Яркая вспышка осветила тоннель. Владимир Игнатьевич не успел понять, что произошло. Он стоял в комнате. Светлой, очень светлой комнате. Посреди нее на каменном постаменте, будто едва смежив очи, лежал человек. Владимир Игнатьевич оглянулся, ища выход. Позади мягко светилась глухая стена. Не веря глазам, Згурский зажмурился и тряхнул головой. Пробуждения не последовало. Напротив, теперь он воочию увидел, что в углах комнаты, опустив головы, возникли словно высеченные из мрамора фигуры. Еще одна — женская — стояла у изголовья.
— Что ж такое-то? — возмутился Згурский.
Он потрогал рукой холодный камень постамента. Ни малейшего сомнения — мрамор. В памяти генерала снова всплыла процитированная за минуту до того фраза, начертанная далеким предком на передававшемся из поколения в поколение тонком пергаменте: «И да откроет начертанное мной, дабы пройдя свой путь, вернуться к истоку».

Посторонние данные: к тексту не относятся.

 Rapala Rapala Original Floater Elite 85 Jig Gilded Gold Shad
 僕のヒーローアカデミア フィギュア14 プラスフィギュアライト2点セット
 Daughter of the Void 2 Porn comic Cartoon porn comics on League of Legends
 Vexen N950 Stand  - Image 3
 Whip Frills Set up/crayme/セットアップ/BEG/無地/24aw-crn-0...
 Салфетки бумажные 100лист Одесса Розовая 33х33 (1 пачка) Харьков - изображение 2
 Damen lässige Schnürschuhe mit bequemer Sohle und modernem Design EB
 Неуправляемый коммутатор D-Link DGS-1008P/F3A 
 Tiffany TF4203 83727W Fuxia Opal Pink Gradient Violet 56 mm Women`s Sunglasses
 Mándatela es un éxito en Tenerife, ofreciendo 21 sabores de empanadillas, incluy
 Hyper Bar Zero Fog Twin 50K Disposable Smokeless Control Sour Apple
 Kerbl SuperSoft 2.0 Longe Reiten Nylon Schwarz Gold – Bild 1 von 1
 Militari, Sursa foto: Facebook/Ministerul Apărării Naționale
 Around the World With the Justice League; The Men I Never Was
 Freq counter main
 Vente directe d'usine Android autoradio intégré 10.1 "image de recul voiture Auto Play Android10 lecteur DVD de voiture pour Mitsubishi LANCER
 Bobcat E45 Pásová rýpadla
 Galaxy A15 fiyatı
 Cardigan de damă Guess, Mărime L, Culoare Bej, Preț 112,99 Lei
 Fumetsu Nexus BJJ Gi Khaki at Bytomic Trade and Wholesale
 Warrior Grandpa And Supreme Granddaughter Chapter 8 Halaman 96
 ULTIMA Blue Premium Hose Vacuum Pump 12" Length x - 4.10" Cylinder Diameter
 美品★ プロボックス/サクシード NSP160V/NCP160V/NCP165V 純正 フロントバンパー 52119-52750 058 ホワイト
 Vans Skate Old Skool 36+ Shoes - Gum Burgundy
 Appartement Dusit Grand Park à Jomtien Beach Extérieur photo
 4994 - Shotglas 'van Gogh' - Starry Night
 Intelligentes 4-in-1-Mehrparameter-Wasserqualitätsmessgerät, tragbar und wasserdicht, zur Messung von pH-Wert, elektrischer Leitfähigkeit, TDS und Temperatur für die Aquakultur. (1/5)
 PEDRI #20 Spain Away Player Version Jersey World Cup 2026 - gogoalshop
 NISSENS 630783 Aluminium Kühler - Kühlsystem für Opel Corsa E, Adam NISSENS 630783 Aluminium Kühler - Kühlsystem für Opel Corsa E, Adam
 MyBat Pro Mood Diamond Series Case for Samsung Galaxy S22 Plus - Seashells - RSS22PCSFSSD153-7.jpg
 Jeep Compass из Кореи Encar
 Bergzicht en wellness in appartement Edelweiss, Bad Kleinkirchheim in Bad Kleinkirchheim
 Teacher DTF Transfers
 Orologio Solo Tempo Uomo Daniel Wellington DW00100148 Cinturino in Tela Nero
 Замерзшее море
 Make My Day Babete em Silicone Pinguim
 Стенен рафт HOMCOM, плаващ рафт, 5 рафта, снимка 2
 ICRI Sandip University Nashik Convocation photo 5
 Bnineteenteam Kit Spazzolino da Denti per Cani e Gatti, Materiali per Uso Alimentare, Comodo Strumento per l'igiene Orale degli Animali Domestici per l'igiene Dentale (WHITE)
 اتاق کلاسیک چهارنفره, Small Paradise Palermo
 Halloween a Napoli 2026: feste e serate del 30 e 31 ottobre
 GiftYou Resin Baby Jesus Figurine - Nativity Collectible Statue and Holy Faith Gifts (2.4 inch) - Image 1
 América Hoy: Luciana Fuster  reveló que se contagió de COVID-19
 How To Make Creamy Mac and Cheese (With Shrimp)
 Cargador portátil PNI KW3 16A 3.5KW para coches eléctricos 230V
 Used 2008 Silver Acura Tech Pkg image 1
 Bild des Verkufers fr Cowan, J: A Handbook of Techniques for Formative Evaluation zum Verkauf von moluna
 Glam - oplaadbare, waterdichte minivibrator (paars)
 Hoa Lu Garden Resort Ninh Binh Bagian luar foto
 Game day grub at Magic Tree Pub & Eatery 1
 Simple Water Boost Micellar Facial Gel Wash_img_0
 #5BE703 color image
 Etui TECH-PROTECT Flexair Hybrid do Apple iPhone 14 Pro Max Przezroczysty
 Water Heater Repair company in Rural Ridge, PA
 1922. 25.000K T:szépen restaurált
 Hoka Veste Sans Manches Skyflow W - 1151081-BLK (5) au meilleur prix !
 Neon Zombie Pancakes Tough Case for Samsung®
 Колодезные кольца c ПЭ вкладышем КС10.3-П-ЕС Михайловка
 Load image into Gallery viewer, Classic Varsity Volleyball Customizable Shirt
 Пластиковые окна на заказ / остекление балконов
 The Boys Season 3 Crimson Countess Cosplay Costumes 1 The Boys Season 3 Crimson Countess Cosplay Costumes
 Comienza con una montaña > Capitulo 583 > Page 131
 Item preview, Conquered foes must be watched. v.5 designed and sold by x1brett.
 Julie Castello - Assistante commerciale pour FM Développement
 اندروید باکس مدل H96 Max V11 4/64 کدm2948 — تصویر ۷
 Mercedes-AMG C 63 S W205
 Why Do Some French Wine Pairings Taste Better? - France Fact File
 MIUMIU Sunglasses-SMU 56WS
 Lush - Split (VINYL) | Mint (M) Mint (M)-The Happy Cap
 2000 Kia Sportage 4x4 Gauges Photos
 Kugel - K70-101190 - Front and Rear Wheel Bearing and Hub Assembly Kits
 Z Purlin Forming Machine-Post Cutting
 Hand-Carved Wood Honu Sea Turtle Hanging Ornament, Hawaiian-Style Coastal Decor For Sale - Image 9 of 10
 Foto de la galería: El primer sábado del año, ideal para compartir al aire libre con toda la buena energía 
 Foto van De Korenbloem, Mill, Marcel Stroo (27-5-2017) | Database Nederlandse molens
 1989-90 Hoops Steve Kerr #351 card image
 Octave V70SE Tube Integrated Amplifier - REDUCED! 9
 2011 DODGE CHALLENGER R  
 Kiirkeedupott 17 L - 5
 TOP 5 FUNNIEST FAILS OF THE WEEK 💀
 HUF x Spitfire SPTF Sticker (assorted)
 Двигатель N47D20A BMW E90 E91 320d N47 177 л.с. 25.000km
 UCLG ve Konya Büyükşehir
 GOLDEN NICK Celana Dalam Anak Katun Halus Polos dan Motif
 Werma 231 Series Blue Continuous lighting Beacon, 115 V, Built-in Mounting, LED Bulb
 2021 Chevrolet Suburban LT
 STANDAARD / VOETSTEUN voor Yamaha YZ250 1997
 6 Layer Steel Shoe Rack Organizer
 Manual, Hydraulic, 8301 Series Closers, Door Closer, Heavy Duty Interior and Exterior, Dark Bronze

«Вернуться!» — колоколом ударило в его голове. Он поглядел на спящего — в его руке был зажат свернутый лист. Владимир Игнатьевич выхватил пергамент, еще раз оглянулся, надеясь, что диковинное наваждение пройдет, и он снова увидит темный коридор.
Свет продолжал струиться, рожденный глухими стенами. Он лился с потолка, пола, и лишь одно вдруг показалось Згурскому — стоящие в безмолвии фигуры чуть приподняли головы. Он быстро развернул послание.
«Ну да, конечно! Я — восьмой потомок. Восьмижды восьмой. Династия Лунов… Черт побери, как это все не вовремя! Почему же я не пришел сюда раньше? А сейчас какое уж чтение — Танечка, доктор, Механик… Красные хлынут в подземный ход, и спрятаться будет негде! Времени нет!»
— Здесь нет времени, — эхом его мыслей прозвучало в комнате.
Згурский отпрянул, комкая пергамент и пытаясь нащупать оружие. Женская фигура, стоявшая в изголовье смертного ложа, подняла голову и легким движением отбросила капюшон — тонкое лицо, черные волосы и глаза, мечущие настоящие молнии.
— Даньму? — ошарашенно глядя на девушку, пробормотал Згурский. — Ты?